TERMS OF ISSUE OF SHARES IN LIEU OF DIRECTORS FEES

All Executive and Non ‐ Executive Directors of the Company shall be entitled during the term of the Directors Fee Plan (“ Plan ”) to elect by notice in writing to the Company (“ Election Notice ”) to be paid up to 40% of the remuneration due and owing to them by the Company from time to time as fees for services (“ Outstanding Remuneration ”) by way of an issue of fully paid ordinary shares (“ Plan Shares ”).

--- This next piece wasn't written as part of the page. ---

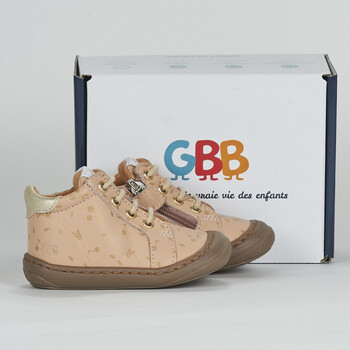 Sapatos Criança Sapatilhas de cano-alto GBB  Rosa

‐ An Election Notice may be given by an Executive and/or Non Executive Director (“ Participating Director ”) within 7 days after the Annual General Meeting, including the following:

  • The amount of any Outstanding Remuneration that a Participating Director wishes to be paid by way of Plan Shares under the Plan for the following 12 months; and

  • Whether the Participating Director wishes to have the Plan Shares issued in his or her own name or in the name of a nominee (“ Recipient ”).

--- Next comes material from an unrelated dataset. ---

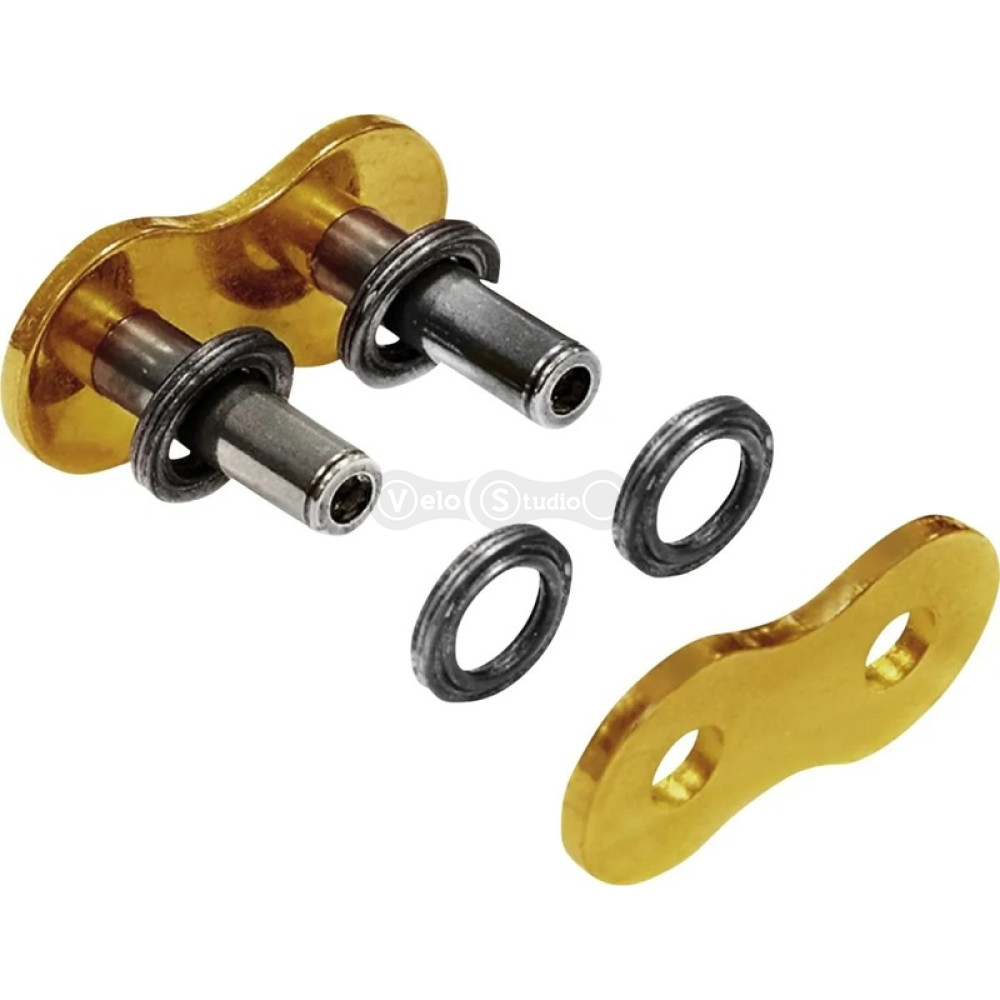 Ланцюг Regina ZSE Chain - 520 [Gold], 520-116L / Seal Ring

An Election Notice may be given to the Company in any manner permitted under the Constitution for service by the Company of notices.

Upon receipt of an Election Notice, Plan Shares may be issued to each Participating Director who elects to be issued Plan Shares in lieu of any Outstanding Remuneration.

The obligation of the Company to issue any Plan Shares is subject to obtainment of any approvals which may be required under:

  • the Listing Rules; and

  • the Corporations Act 2001 (Cth).

The issue price of each Plan Share will be the 5 Day VWAP for Shares as at the business day prior to date of the Annual General Meeting and any fractional entitlement to be issued Plan Shares shall be rounded up to the nearest whole number. If, however, the Plan Shares are being issued at the same time, and as part of a capital raising involving existing shareholders or third parties, the Plan Shares shall be issued at the same price as the shares issued to those other parties.

The Company shall:

  • issue the Plan Shares to a Recipient in two separate tranches within 12 months of receipt of an Election Notice;

  • forthwith deliver a statement of holding to the Recipient in respect of the Plan Shares; and

  • cause the Plan Shares to be listed on ASX as soon as reasonably practicable at the Company’s cost and expense.

Unless otherwise approved by shareholders of the Company, the maximum number of Plan Shares which may be issued by the Company in each 12 months during the term of the Plan shall be 400,000 Plan Shares.

For the purposes of interpretation of this Plan:

Constitution means the Constitution of the Company;

Listing Rules means the Listing Rules of ASX Limited;

Shares means fully paid ordinary shares in the Company; and

Terms used herein shall have the meanings ascribed to them in the Listing Rules.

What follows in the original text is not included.